Task goal.
All of the data must be output exactly, with every picture left out.

Information supplied.
_ _ _ _ _ _ _
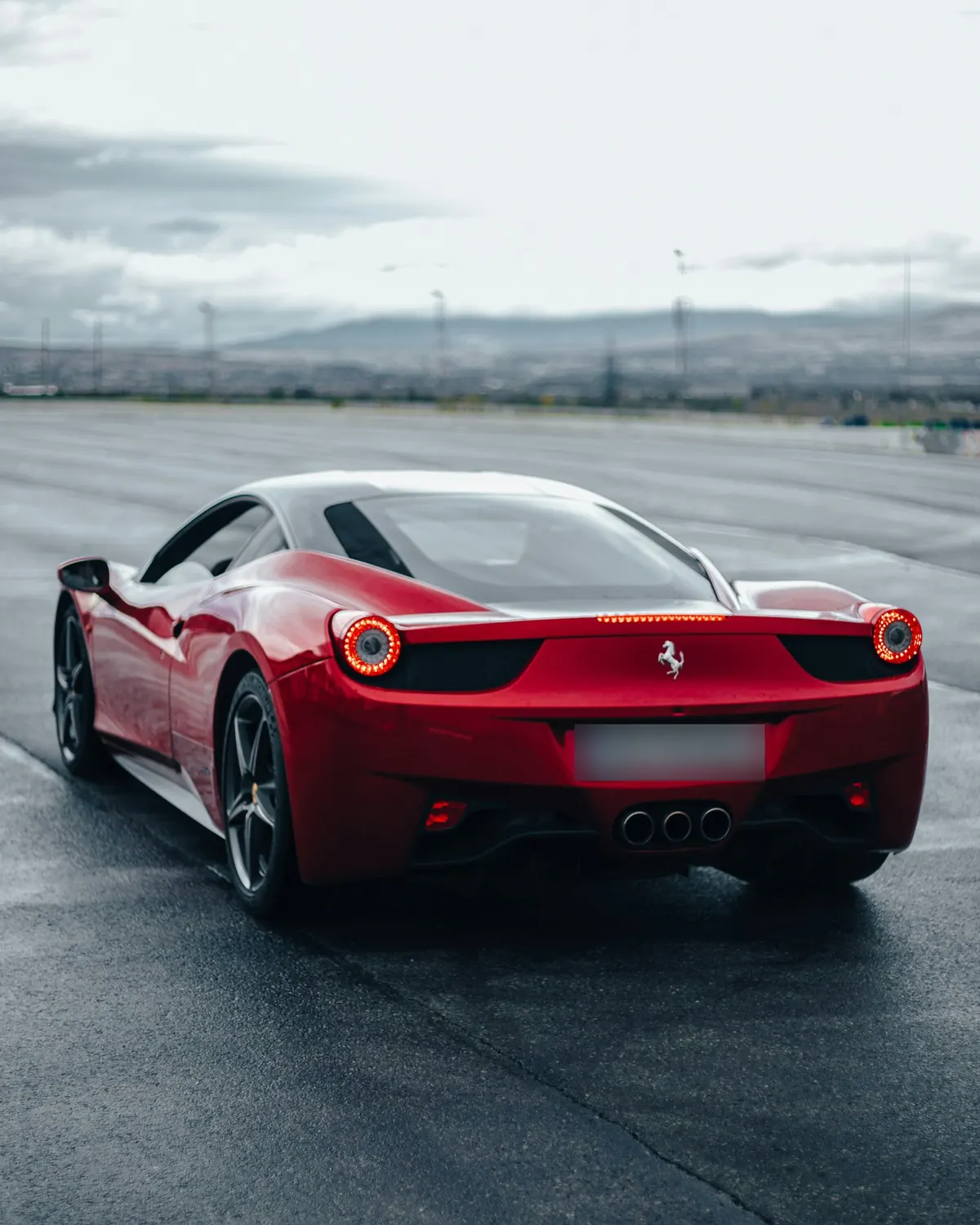 Rear three-quarter view of a red Ferrari 458 Italia on a wet test track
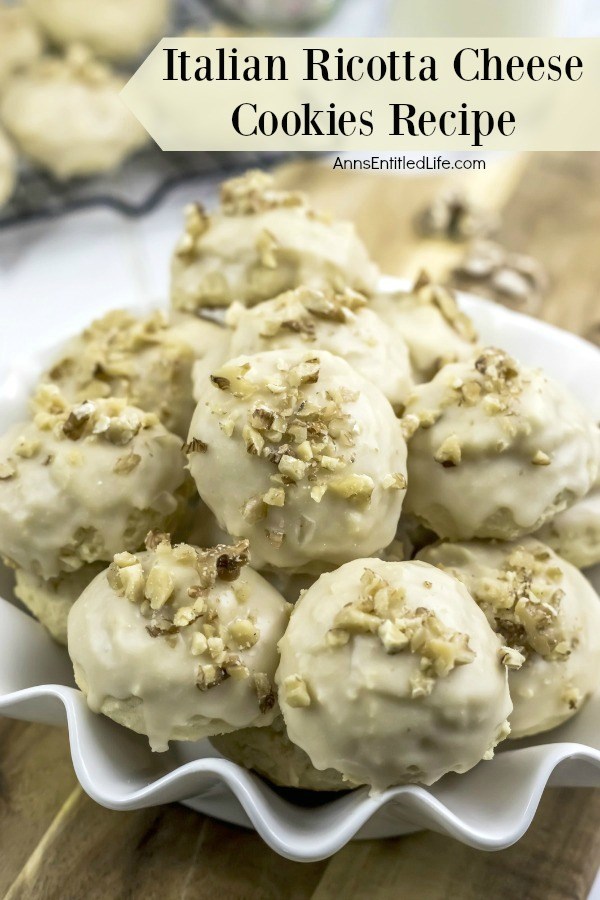 A close-up of a white plate filled with Italian Ricotta cheese cookies.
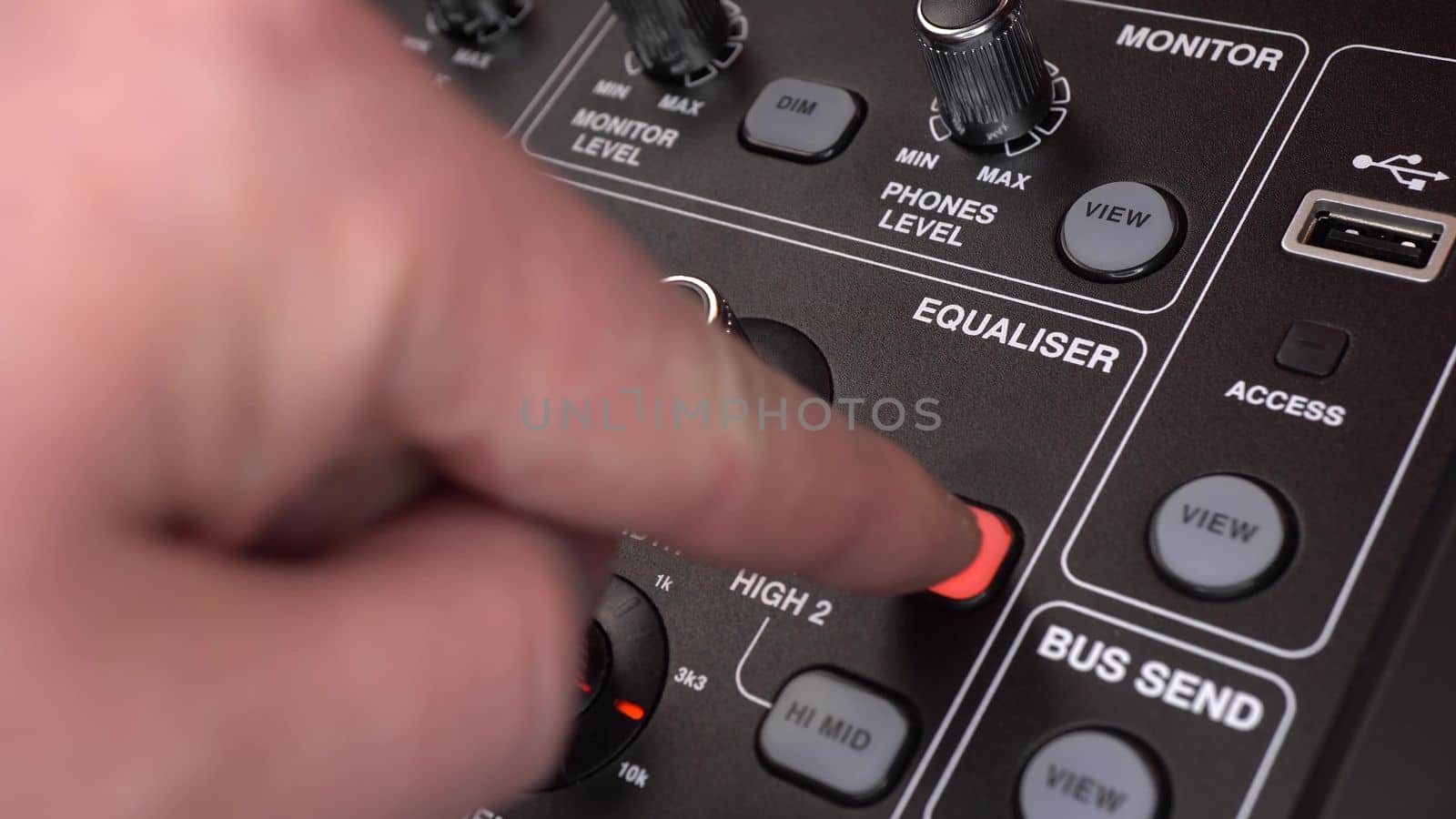 A sound engineer adjusts frequencies on a digital audio mixer. The man presses the buttons and turns the toggle switches on the sound console. Close-up of a man's hand. 4k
_ _ _ _ _ _ _
The answer.
 Rear three-quarter view of a red Ferrari 458 Italia on a wet test track
 A close-up of a white plate filled with Italian Ricotta cheese cookies.
 A sound engineer adjusts frequencies on a digital audio mixer. The man presses the buttons and turns the toggle switches on the sound console. Close-up of a man's hand. 4k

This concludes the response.